Professor Geng has returned from Munich, Germany where she was on leave, Academic Year 2014-2015, as Goethe Postdoctoral Fellow.

Assistant Professor of Art and Art History and Asian and Asian American Studies Yan Geng officially joined our faculty in fall 2013, after a rigorous international search.  Her manuscript (which was based on her doctoral dissertation)  is tentatively titled Mao’s Image:  Art and Politics in the Early People’s Republic of China, and represents a significant intervention with regard to the relationship between propaganda, art-making, and artistic resistance. Focused on the ways in which artists trained during the Republic of China period (1912-1949) were faced with particular challenges during the initial years of the People’s Republic of China (1949 – 1954), Mao’s Image is less about propaganda as strictly politicized aesthetic and is more about how these individuals at times challenged and at other times conformed to the demands of the nascent nation-state.

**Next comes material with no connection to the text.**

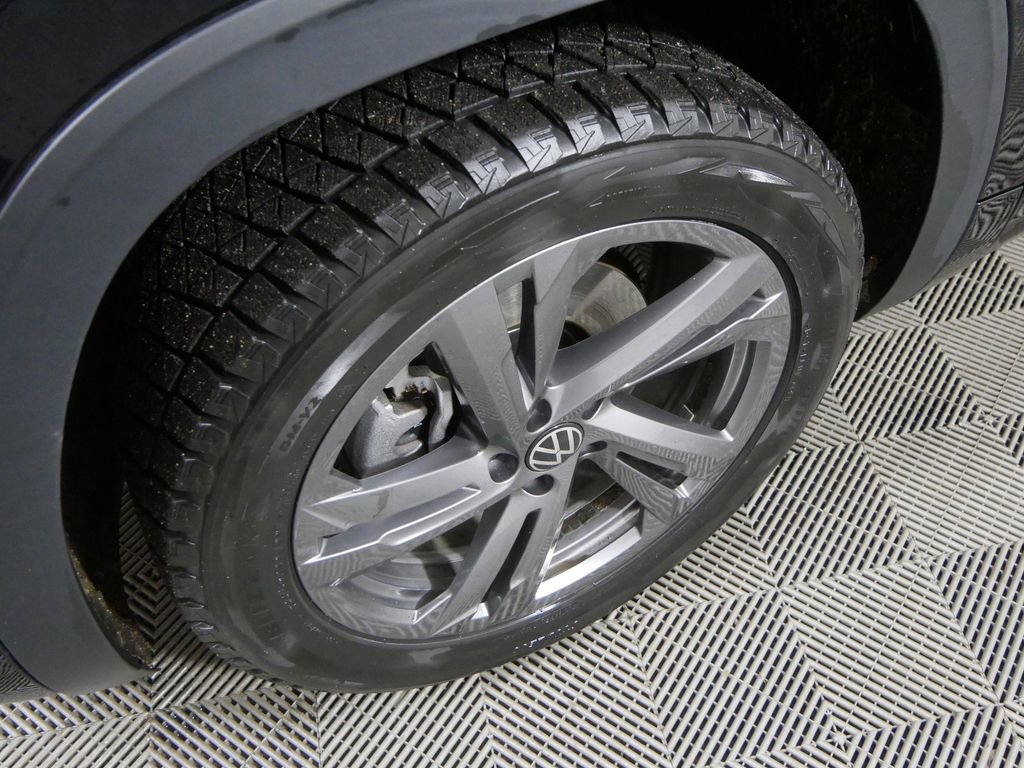 Used 2024 Volkswagen Atlas Cross Sport SEL R-Line image 10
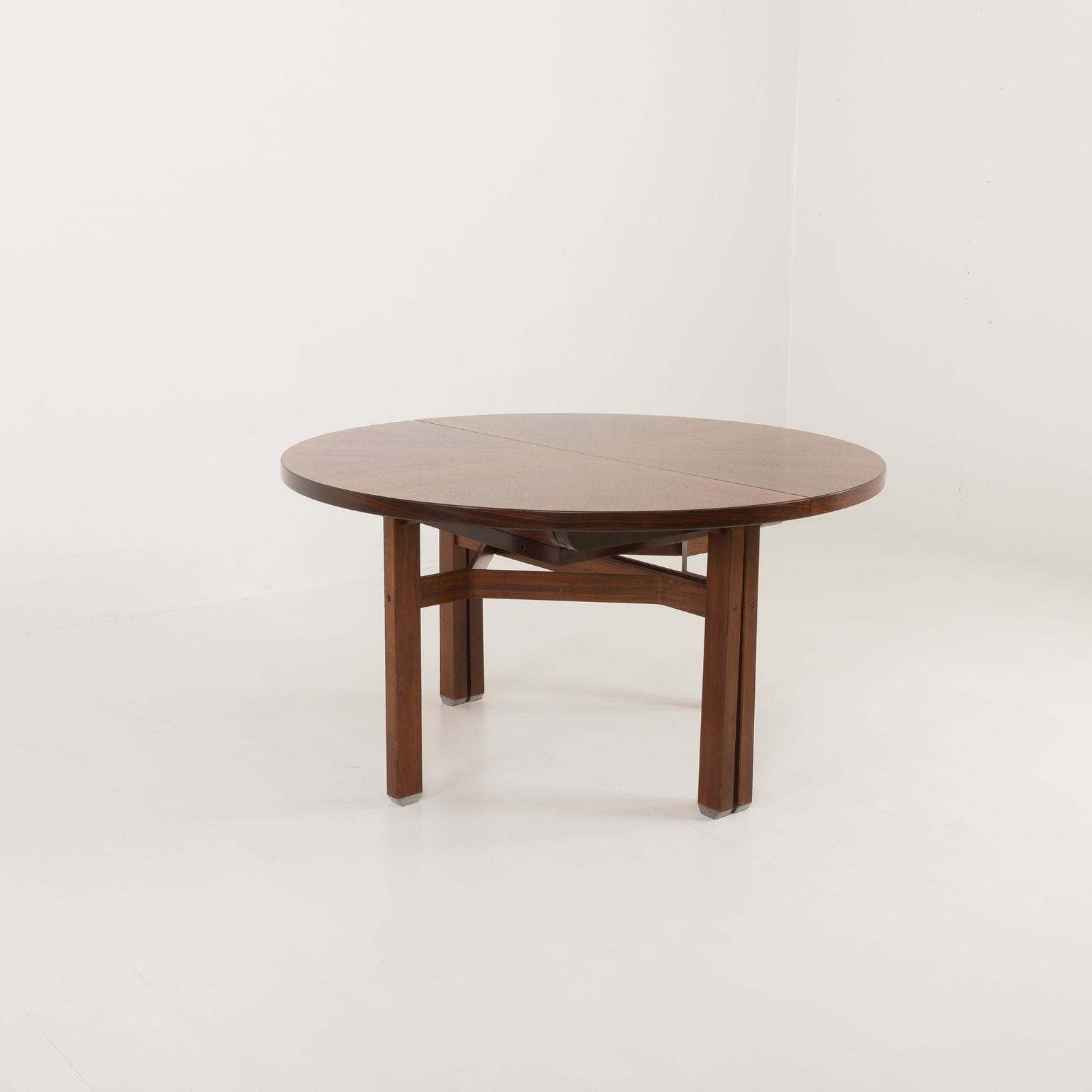 photo furniture Mid Century Modern Rosewood Dining Set By Ico And Luisa Parisi For Mim, Italy, 1950s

While Mao’s Image is on the one hand intimately concerned on the ways in which state dictates about art attempted to codify a new sense of Communist nationhood, it is on the other hand rightly attuned to individual and regional aesthetic sensibilities which were concomitantly in flux. The manuscript also considers by way of multiple media the degree to which artists often subversively engaged specific representations that acknowledged the pre-Communist past. Divided into a series of provocative case studies, Mao’s Image will contribute greatly to the fields of Asian Studies, Asian Art History, and Modern Chinese Art. Since the initial version of the manuscript, Professor Geng has worked tirelessly to revise the piece for publication.

In addition to this manuscript and postdoctoral fellowship, Professor Geng has two pieces forthcoming (a peer-reviewed article and an encyclopedia entry). She also has a piece published in The Challenge of the Object:  Proceedings of the 33rd Congress of the International Committee of the History of Art. She has received a grant through the School of Fine Arts Dean’s  and the Scholarship Facilitation Fund; these funds will be used to continue the archival work for her second project:  Space, Power, and Memory:  China’s Socialist Art and Architecture in Transcultural Perspective.

Whereas Professor Geng’s first project is specifically focused on China (geospatially) and the early People’s Republic of China (temporally), Space, Power, and Memory is much more internationalist with regard to its archive, which includes architectural sites in the former Soviet Union (Russia), Japan, and China. Intersecting with current trends in memory studies, which evocatively engage the ways in which the monuments and memorials instantiate potent debates about the past within the ever-shifting context of the present, Professor Geng’s second project is both transcultural and transnational. Invested in mapping the movement of ideas, people, and capital across borders and regimes, Space, Power, and Memory renders visible the degree to which strategic remembrance works in tandem with tactical forgetting.